The API’s Eight Principles in full are here: http://www.attachmentparenting.org/principles/principles.php
In brief:
  1. Prepare for pregnancy,  birth and parenting
  2. Feed with love and respect
  3. Respond with sensitivity
  4. Use nurturing touch
  5. Ensure safe sleep, physically and emotionally
  6. Provide consistent and loving care
  7. Practice positive discipline
  8. Strive for balance in your personal and family life
So how would these apply to parents of teens? Pretty much the same with a couple of tweaks.

1. Prepare
Read books. Talk to parents who have children you like and relationships you wish for with your kids. Consult with a therapist; clear out your own baggage and run situations past a neutral third party.

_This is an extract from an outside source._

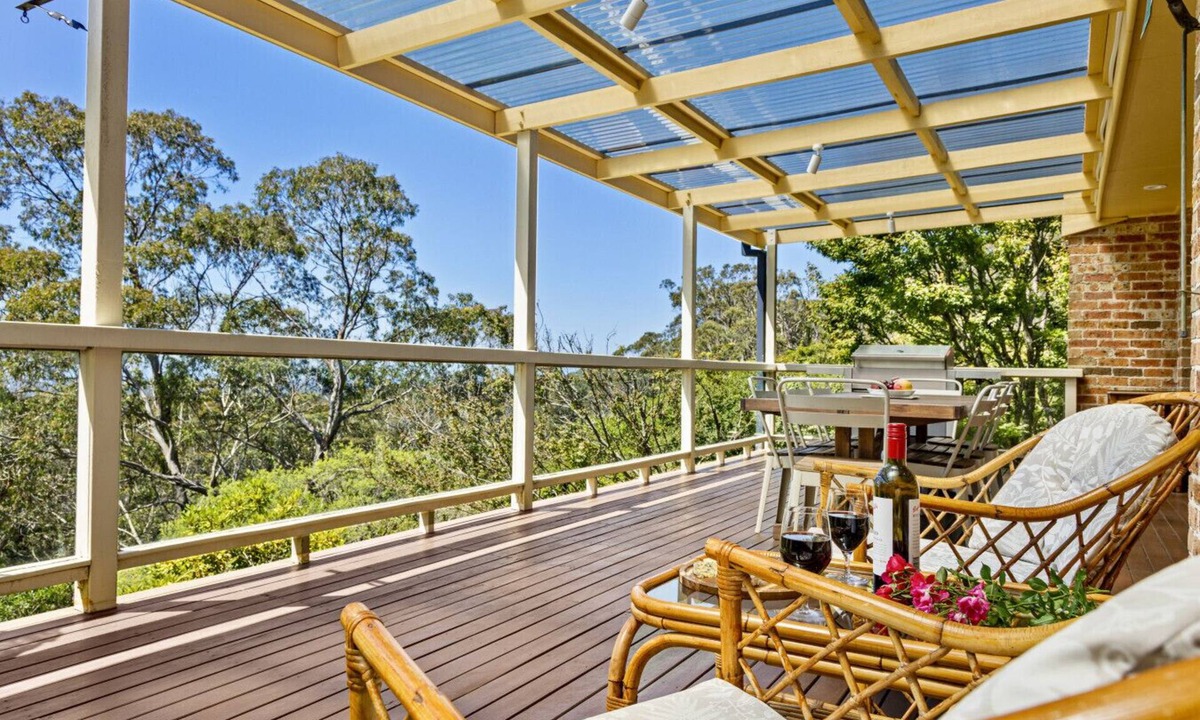 Wentworth Falls House | Azimuth - Spacious Family Retreat with City Views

2. Feed with respect and love
Hopefully, you’ve been doing this all along. Incorporate more education. Explain why what they eat is important. Educate your kids how processed food is engineered to appeal to our natural desire for fat, sugar and salt. Follow their eating rhythms. Model good food behavior yourself (have an issue there? Back to the books or therapist or self-help group for you!)

3. Respond with sensitivity.
Teens can be confused and confusing. Their behavior can cause us and them embarrassment. Perhaps they were going for glamorous, not strip club, but they are still working out the fine points.  Ask questions and don’t feel like you need to know everything. Be OK with being the structure they need to push away from.  Remember their brains are reorganizing (yes, go research that) and their bodies are morphing. They don’t know who they are any more than we do. That Martian who replaced your kid is just as startling to them. Love the beautiful being in the midst of the chaos even if you aren’t sure what’s going on in there.

4. Use nurturing touch
We don’t touch our teens enough. Our kids need to know that they can get nurturing touch (a basic need of the human body) without being in a sexual situation. One great side effect of binge watching together was the “puppy pile” on the couch; it was fine to get some mom or dad snuggle time while we wasted a snowy afternoon in front of the TV. Keep kissing your kids good night and hugging them, even if it becomes a joke.

5. Ensure safe sleep, physically and emotionally
Teen sleep patterns can be different from the rest of the family. This has a physiological basis and is one of the main objections I have to high school. Teens naturally stay up late and sleep in. Trying to wrangle their bodies into a more societally acceptable rhythm is costly to their health. There are ways to make sure your kids are in the house and unable to be on their devices after a certain time (when mom and dad need to be sleeping so they can function). Use your parental controls on those devices and let your kids read all night, write all night or craft all night, but not text and watch porn all night. Then let them sleep in.

6. Provide consistent and loving care
This is what you have always strived to do. If you’re having troubles with that, get thee to therapy.

7. Practice positive discipline
Talk it out. State what is objectionable. Ask why it happened. How can the wrong-doer make amends? How do we move forward? Wonderful learning happens when mistakes are made.

8. Strive for balance in your personal and professional life
As that old chestnut goes: children learn what they live. As parents, we need to earn the respect and admiration of our children; after the age of nine or ten they start catching on if we’re being hypocrites. Are you the kind of person you want your child to be? Again, it’s all about you, the parent. Are you taking good care of yourself? Are your needs getting met? Are you aware of places in your life where you need some help? Are your behaviors and values in line with what you are asking of your teens’ behaviors? Are you walking your talk? Are you treating your children with the same respect you ask from them?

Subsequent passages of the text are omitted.